In the report, Stanford University neurosurgeon Dr. Jennifer Quon and colleagues explained how the deep-learning model was developed for the purpose of assessing changes in ventricular volume, as these signal how well treatment with a shunt works for reducing hydrocephalus. The researchers developed and validated the deep-learning model using T2-weighted MR images from 200 pediatric hydrocephalus cases and 200 controls. They also assessed the method on nine pediatric cases that were prospectively gathered.
Deep-learning model (blue) and ground-truth manual (green) segmentation of representative control (left) and hydrocephalus (right) T2-weighted MR images. Image courtesy of the American Association of Neurological Surgeons.
In a comparison of deep-learning results with manual measures for ventricular volume assessments, segmentation accuracy was similar overall and better for patients with hydrocephalus, the team reported.

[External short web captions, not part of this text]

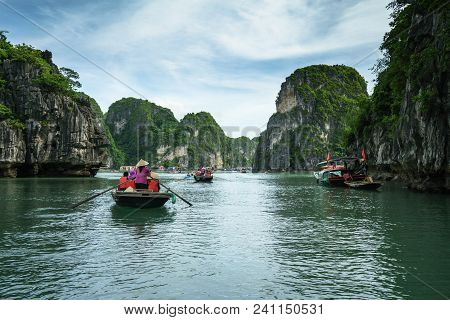 Halong Bay In Vietnam, Unesco World Heritage Site, With Tourist Rowing Boats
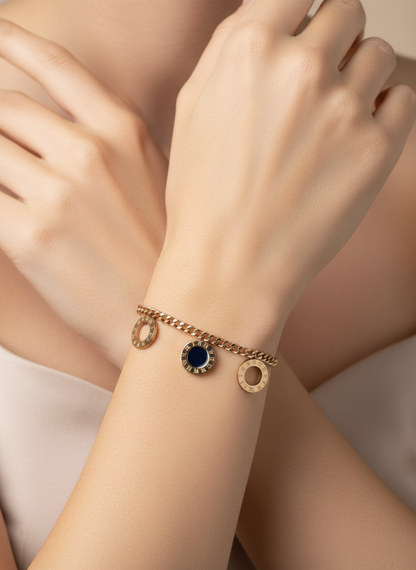 Rose Gold bracelet with a blue gemstone on a person's wrist against a neutral background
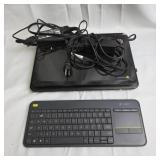 Two Laptops and Logitech Keyboard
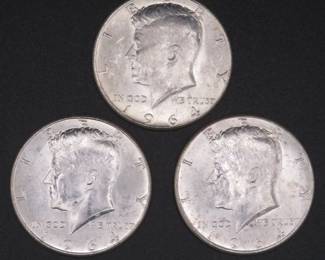 Lot 242. Three Kennedy 1964 Half Dollars that came to us in an unopened bank roll.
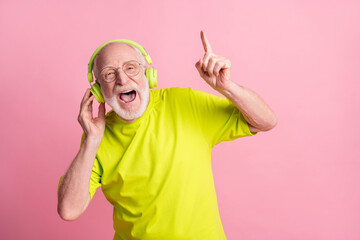 Photo of singing optimistic old man listen music dance wear headphones spectacles lime color...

The researchers noted in a statement that currently it can be very time-consuming to get accurate measures of ventricular volume and can require research-level automated tools that are inconvenient for patient visits. In contrast, it took only 1.48 seconds per patient scan with the deep-learning method. Further research is needed, but the results so far suggest that the deep-learning technique has the potential to improve accuracy with much greater speed, which would be an improvement for workflow as well as patient care, Quon and colleagues concluded. In addition to hydrocephalus, the process could be useful for other types of cerebrospinal fluid pathologies, they suggested.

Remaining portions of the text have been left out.